Clever math could enable a high-quality 3-D camera so simple, cheap and power-efficient that it could be incorporated into handheld devices.
When Microsoft’s Kinect — a device that lets Xbox users control games with physical gestures — hit the market, computer scientists immediately began hacking it. A black plastic bar about 11 inches wide with an infrared rangefinder and a camera built in, the Kinect produces a visual map of the scene before it, with information about the distance to individual objects. At MIT alone, researchers have used the Kinect to create a “Minority Report”-style computer interface, a navigation system for miniature robotic helicopters and a holographic-video transmitter, among other things.
Now imagine a device that provides more-accurate depth information than the Kinect, has a greater range and works under all lighting conditions — but is so small, cheap and power-efficient that it could be incorporated into a cellphone at very little extra cost. That’s the promise of recent work by Vivek Goyal, the Esther and Harold E. Edgerton Associate Professor of Electrical Engineering, and his group at MIT’s Research Lab of Electronics.
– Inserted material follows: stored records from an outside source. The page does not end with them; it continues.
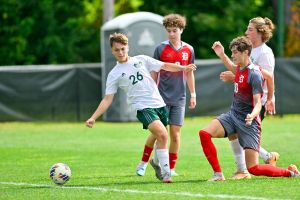 dover-mansfield_soccer_9-30-23-50.jpg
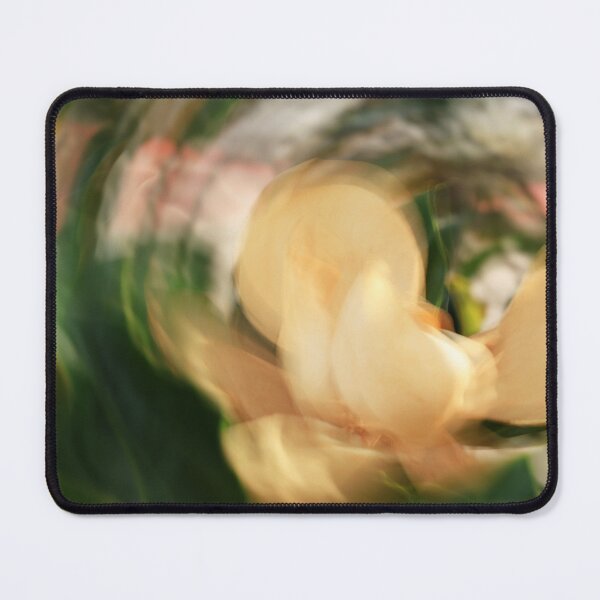 Item preview, Do Flowers Dream? designed and sold by SunlitColors.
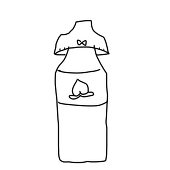 ふうく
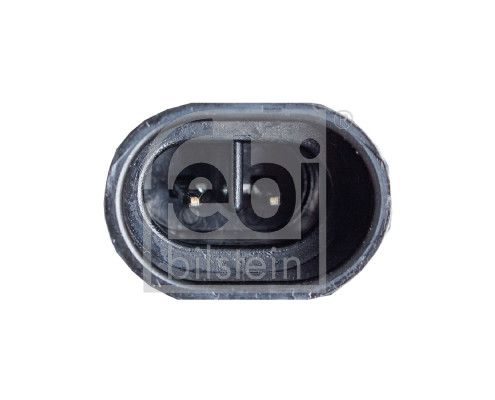 FEBI BILSTEIN 01840 Dış Isı Sensörü - . Görsel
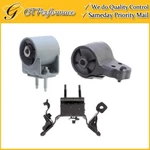 Quality Engine & Trans Mount 3PCS 11-16/21-22 Ford F-150 5.0L 4WD Auto. Fixed Price $189.99.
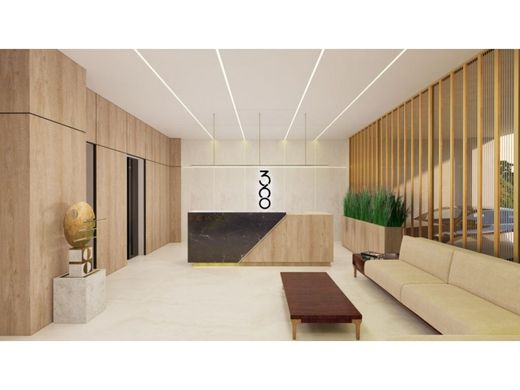 ‏דירה ב  Manizales, Departamento de Caldas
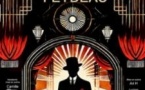 Les Monologues Inattendus - Feydeau - Theâtre du Nord-Ouest, Paris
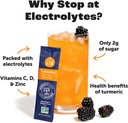 zyn-electrolyte-drink-mix-hydration-pack-2.jpg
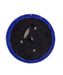 Hannukah Dreidel Water Globe - 100MM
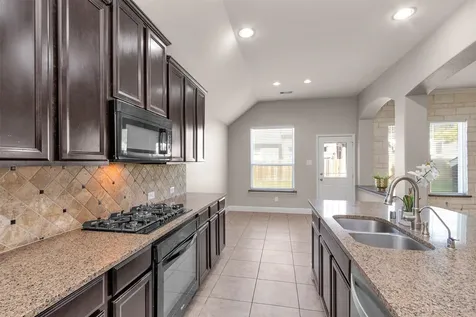 9515 Alabaster Oaks Lane Humble TX 77396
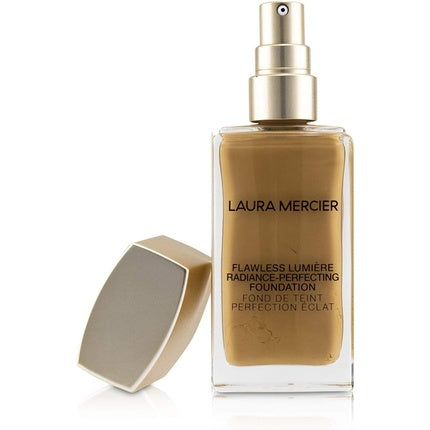 Laura Mercier Flawless Lumiere Radiance-Perfecting Foundation 3N1 Buff 30ml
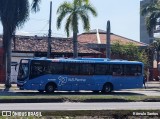 Viação Nossa Senhora da Penha RJ 188.056 na cidade de Rio de Janeiro, Rio de Janeiro, Brasil, por Rômulo Santos. Número da foto: #:id.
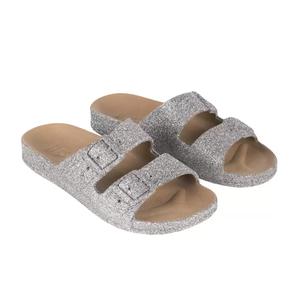 21s1038-142-sandalias-femininas-cacatoes-trancoso-camelo-multicozinha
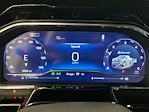 2024 Chevrolet Silverado 1500 Crew Cab 4x4 Pickup for sale #29972A - photo 11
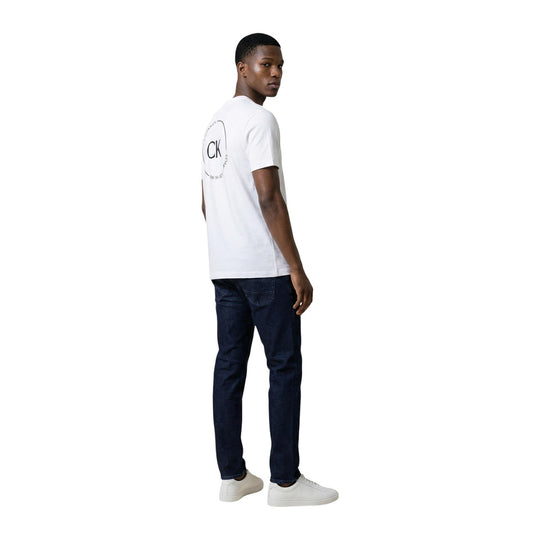 Calvin Klein Jeans Men T-Shirt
“3-D acquisition has become a really hot topic,” Goyal says. “In consumer electronics, people are very interested in 3-D for immersive communication, but then they’re also interested in 3-D for human-computer interaction.”
Andrea Colaco, a graduate student at MIT’s Media Lab and one of Goyal’s co-authors on a paper that will be presented at the IEEE’s International Conference on Acoustics, Speech, and Signal Processing in March, points out that gestural interfaces make it much easier for multiple people to interact with a computer at once — as in the dance games the Kinect has popularized.
“When you’re talking about a single person and a machine, we’ve sort of optimized the way we do it,” Colaco says. “But when it’s a group, there’s less flexibility.”
Ahmed Kirmani, a graduate student in the Department of Electrical Engineering and Computer Science and another of the paper’s authors, adds, “3-D displays are way ahead in terms of technology as compared to 3-D cameras. You have these very high-resolution 3-D displays that are available that run at real-time frame rates.
“Sensing is always hard,” he says, “and rendering it is easy.”